RECORDED INFORMATION

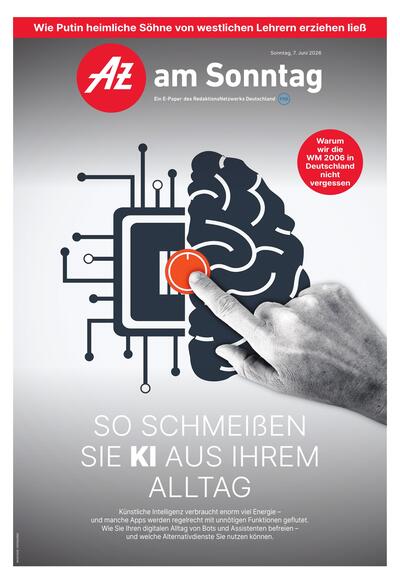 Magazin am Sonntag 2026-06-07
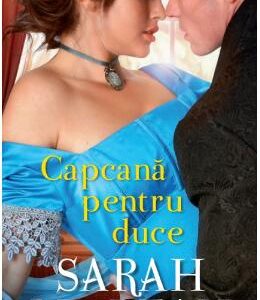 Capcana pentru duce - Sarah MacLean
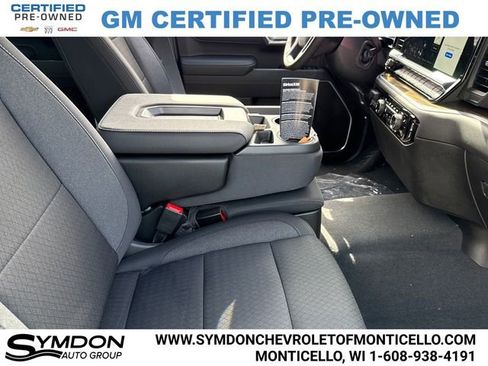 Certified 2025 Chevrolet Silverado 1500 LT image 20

WHAT THE TASK REQUIRES
Transcribe the listing exactly; skip the pictures.

RESULT FOR THIS TASK
 Magazin am Sonntag 2026-06-07
 Capcana pentru duce - Sarah MacLean
 Certified 2025 Chevrolet Silverado 1500 LT image 20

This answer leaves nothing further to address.